(Your goal) Print this span of the material below exactly: the line with "PEUGEOT 208 Berline Hybride Essence", the line with "I-upload ni Shelyte ang larawan", and every line between them, but nothing else.

(Entries provided)
>>>>>

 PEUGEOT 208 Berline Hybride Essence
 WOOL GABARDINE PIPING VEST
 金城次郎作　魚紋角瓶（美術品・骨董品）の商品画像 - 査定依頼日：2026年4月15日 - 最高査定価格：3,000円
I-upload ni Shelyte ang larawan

<<<<<
>>>>>

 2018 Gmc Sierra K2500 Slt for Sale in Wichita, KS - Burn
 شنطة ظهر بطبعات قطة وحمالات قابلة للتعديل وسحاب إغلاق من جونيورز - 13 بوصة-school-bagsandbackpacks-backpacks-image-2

<<<<<
>>>>>

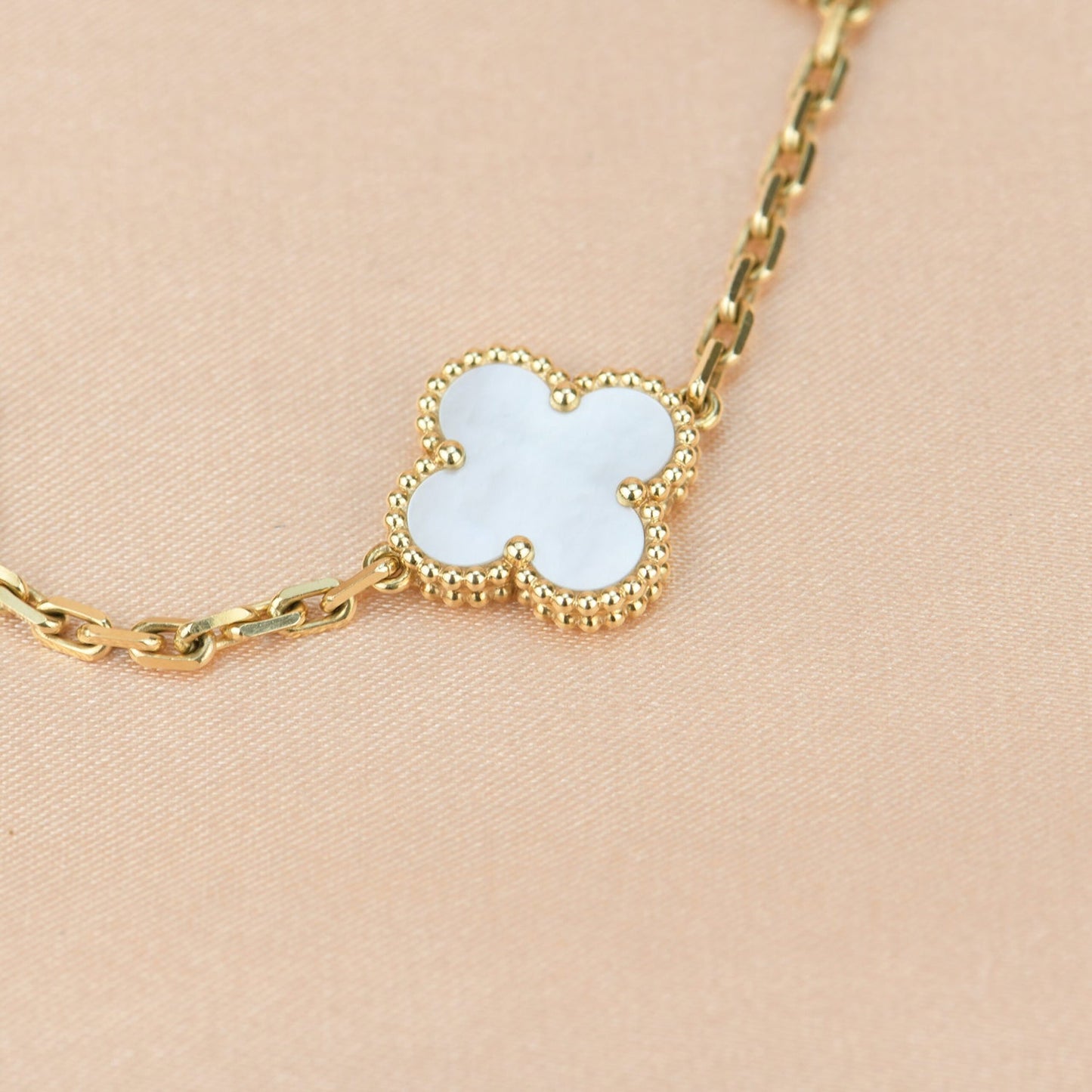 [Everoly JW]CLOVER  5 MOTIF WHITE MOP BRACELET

<<<<<

(Problem solution)
 PEUGEOT 208 Berline Hybride Essence
 WOOL GABARDINE PIPING VEST
 金城次郎作　魚紋角瓶（美術品・骨董品）の商品画像 - 査定依頼日：2026年4月15日 - 最高査定価格：3,000円
I-upload ni Shelyte ang larawan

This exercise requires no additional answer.